Write out the following listing's lines from the one with "Can Descregut Benvingut" to the one with "Certified 2026 Honda CR-V LX image 1", exactly, with both included and no others.

◆ THE DATA ◆
_ _ _ _ _
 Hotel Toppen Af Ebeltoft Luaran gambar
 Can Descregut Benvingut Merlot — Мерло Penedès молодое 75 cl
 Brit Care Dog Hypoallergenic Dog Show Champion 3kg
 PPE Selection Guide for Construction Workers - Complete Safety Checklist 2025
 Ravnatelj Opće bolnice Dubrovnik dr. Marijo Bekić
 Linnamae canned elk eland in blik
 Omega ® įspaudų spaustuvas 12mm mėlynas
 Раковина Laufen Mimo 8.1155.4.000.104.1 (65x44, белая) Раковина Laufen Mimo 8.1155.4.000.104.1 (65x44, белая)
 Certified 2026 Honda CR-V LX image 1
_ _ _ _ _
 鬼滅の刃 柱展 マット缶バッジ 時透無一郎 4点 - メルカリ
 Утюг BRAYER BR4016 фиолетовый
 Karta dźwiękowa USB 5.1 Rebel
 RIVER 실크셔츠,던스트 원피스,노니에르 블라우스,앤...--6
_ _ _ _ _
◆ SOLUTION TO THIS EXERCISE ◆
 Can Descregut Benvingut Merlot — Мерло Penedès молодое 75 cl
 Brit Care Dog Hypoallergenic Dog Show Champion 3kg
 PPE Selection Guide for Construction Workers - Complete Safety Checklist 2025
 Ravnatelj Opće bolnice Dubrovnik dr. Marijo Bekić
 Linnamae canned elk eland in blik
 Omega ® įspaudų spaustuvas 12mm mėlynas
 Раковина Laufen Mimo 8.1155.4.000.104.1 (65x44, белая) Раковина Laufen Mimo 8.1155.4.000.104.1 (65x44, белая)
 Certified 2026 Honda CR-V LX image 1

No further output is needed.